Friday, April 17, 2009

The Naming of the Dead, Needful Things, The Gods of Pegana

I just got a kindle for my birthday, and one of the things I'm most excited about is the availability of books that are hard to find -- among them, Lord Dunsany's short stories (all free!). So, to celebrate, I downloaded 4 of his books, and started with The Gods of Pegana.

It's less a collection of short stories than an outline for a mythology -- there's a theogony, a bunch of vignettes about human prophets, and an end-of-things. All in all, it wasn't really something I'd want to read more of, but I enjoyed the book. It probably helped that it's a relatively slim book at 104 pages, and none of the vignettes is more than a couple of pages long. It's also a sign of how much fantasy has changed -- I can't even imagine a book like this being published now.

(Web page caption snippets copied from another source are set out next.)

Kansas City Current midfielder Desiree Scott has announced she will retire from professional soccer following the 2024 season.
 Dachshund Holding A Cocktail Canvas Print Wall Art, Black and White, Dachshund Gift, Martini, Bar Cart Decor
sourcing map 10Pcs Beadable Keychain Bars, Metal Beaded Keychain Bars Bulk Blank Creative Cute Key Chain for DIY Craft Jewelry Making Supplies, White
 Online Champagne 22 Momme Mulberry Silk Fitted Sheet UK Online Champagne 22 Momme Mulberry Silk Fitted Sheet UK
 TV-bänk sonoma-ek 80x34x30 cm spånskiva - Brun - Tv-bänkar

Meanwhile, I listened to Stephen King's Needful Things on the iPod. It was a 3-for-2 deal, and I liked the other two very much, so I wasn't too upset that this book was only OK. The problem was that the antagonist is so powerful, that most of the novel is fairly predictable -- things are going to go in the worst possible way for everyone involved, that there isn't really a sense of suspense, just a cringing at what we know is coming.

Over the holiday, I finished reading Rankin's Naming of the Dead, the second-to-last Rebus novel. The mystery was no great shakes -- the ending was almost anti-climactic. But it was one of my favorite Rebus novels, anyway. It had such a feeling of place, and such a strong sense of what drives Rebus, that these things overcame the weakness of the central plot.